So here the relaxation time on the hypercube is n, while the mixing time is order n log n.
OK, so here is a general definition of cutoff that I've alluded to before. But here is one formal definition. So this d is really dn. So we look at the total variation distance in the n-th chain. And maybe there is a picture here.
So this picture is maybe a good one to look at. So what we want, and I'll come back to the definition, what we want is that the total variation distance will descend very rapidly from near 1 to near 0. So there are several equivalent ways to write this.
So one is here. There is some window wn. wn should be little o of tn in order to get cutoff. So this is not written in the slides, but let me add it. So wn should be little o of tn.
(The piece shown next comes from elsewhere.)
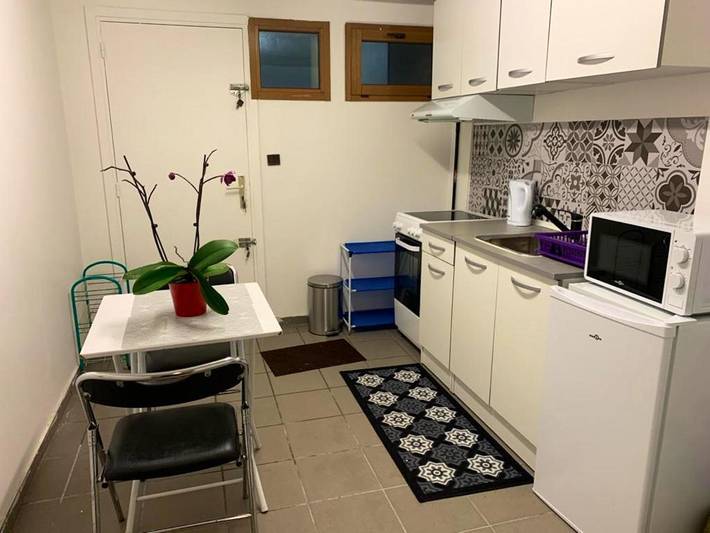 Apartamento de vacaciones para 4 personas, Se admiten mascotas - 1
So tn formally represents the mixing time. wn is a window where the mixing happens. So if we are at a time which is tn minus some large constant times wn, the total variation distance should be close to 1.
If you're at tn plus a large constant wn, total variation distance should be close to 0. And so that will be cutoff and an equivalent definition of cutoff. So maybe easier to remember. Cutoff means that t mix n of epsilon
doesn't depend on epsilon to first order. In other words, if you like t mix n of epsilon and divide by t mix n of 1 minus epsilon, this ratio should go to 1 as n goes to infinity. So that's equivalent to cutoff.
It's just easy to see it's equivalent to this. And another useful notion is precutoff, which means I don't require that this will go to 1, but I just require that this ratio doesn't blow up with epsilon. So formally, for any epsilon, once you fix epsilon and you take a lim sup in n, this lim sup
should be bounded in a way which is independent of epsilon. So there are a few examples that have precutoff but don't have cutoff. Often what happens is there is a chain. It probably has cutoff or sequence of chains. It probably has cutoff, but we can't prove it. So the substitute is, well, we prove precutoff.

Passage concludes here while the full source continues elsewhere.